This repository contains supplementary material for the paper An Audit of Misinformation Filter Bubbles on YouTube: Bubble Bursting and Recent Behavior Changes published at ACM RecSys 2021 (final version DOI: 10.1145/3460231.3474241, preprint DOI: 10.48550/arXiv.2203.13769) and an extended version of the paper titled Auditing YouTube's Recommendation Algorithm for Misinformation Filter Bubbles that has been accepted for publication at ACM TORS journal (final version DOI: 10.1145/3568392, preprint DOI: 10.48550/arXiv.2210.10085).

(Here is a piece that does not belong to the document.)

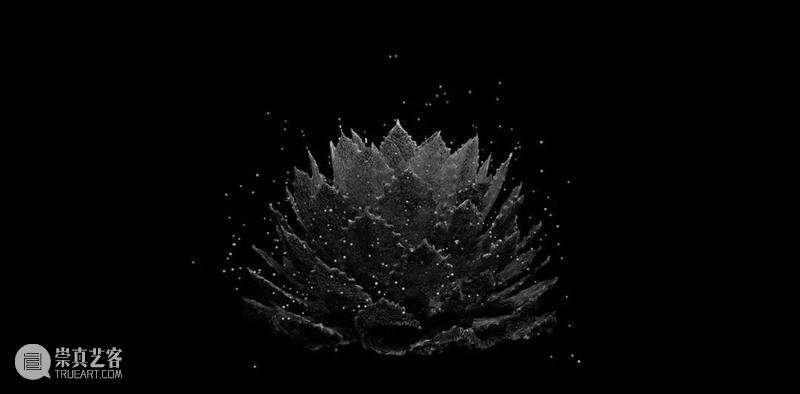 科技 | 通过数字世界表达对自然审美的欣赏新方式 世界 数字 方式 自然 科技 上方 中国舞台美术学会 右上 星标 本文 崇真艺客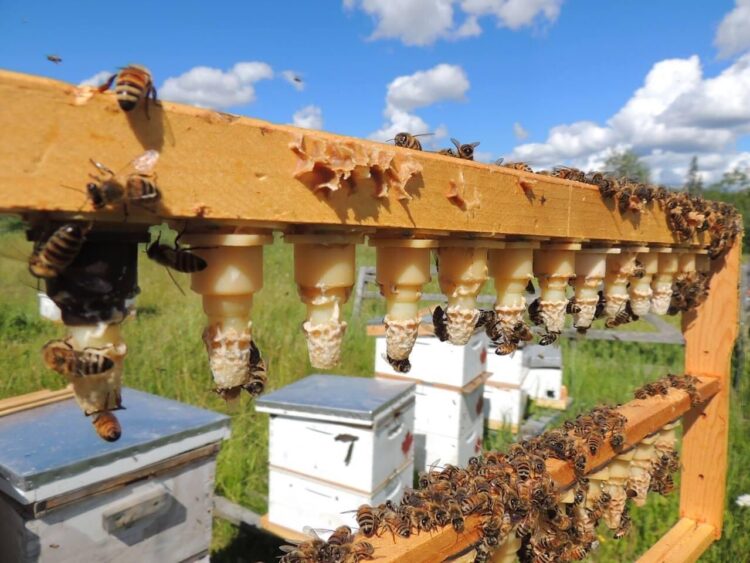 La historia de Claudia y Ezequiel, dos apicultores argentinos en Canadá: No piensan regresar porque allá tienen mil oportunidades, aunque a veces tropiecen con los osos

If you make use of any data or modules in this repository, please cite the following papers:
Matus Tomlein, Branislav Pecher, Jakub Simko, Ivan Srba, Robert Moro, Elena Stefancova, Michal Kompan, Andrea Hrckova, Juraj Podrouzek, and Maria Bielikova. 2021. An Audit of Misinformation Filter Bubbles on YouTube: Bubble Bursting and Recent Behavior Changes. In Fifteenth ACM Conference on Recommender Systems (RecSys '21). Association for Computing Machinery, New York, NY, USA, 1–11. DOI: https://doi.org/10.1145/3460231.3474241
Ivan Srba, Robert Moro, Matus Tomlein, Branislav Pecher, Jakub Simko, Elena Stefancova, Michal Kompan, Andrea Hrckova, Juraj Podrouzek, Adrian Gavornik, and Maria Bielikova. 2023. Auditing YouTube’s Recommendation Algorithm for Misinformation Filter Bubbles. ACM Transactions on Recommender Systems. 1, 1, Article 6 (March 2023), 33 pages. DOI: https://doi.org/10.1145/3568392
In this paper, we present results of an auditing study performed over YouTube aimed at investigating how fast a user can get into a misinformation filter bubble, but also what it takes to "burst the bubble", i.e., revert the bubble enclosure. We employ a sock puppet audit methodology, in which pre-programmed agents (acting as YouTube users) delve into misinformation filter bubbles by watching misinformation promoting content. Then they try to burst the bubbles and reach more balanced recommendations by watching misinformation debunking content. We record search results, home page results, and recommendations for the watched videos. Overall, we recorded 17,405 unique videos, out of which we manually annotated 2,914 for the presence of misinformation. The labeled data was used to train a machine learning model classifying videos into three classes (promoting, debunking, neutral) with the accuracy of 0.82. We use the trained model to classify the remaining videos that would not be feasible to annotate manually.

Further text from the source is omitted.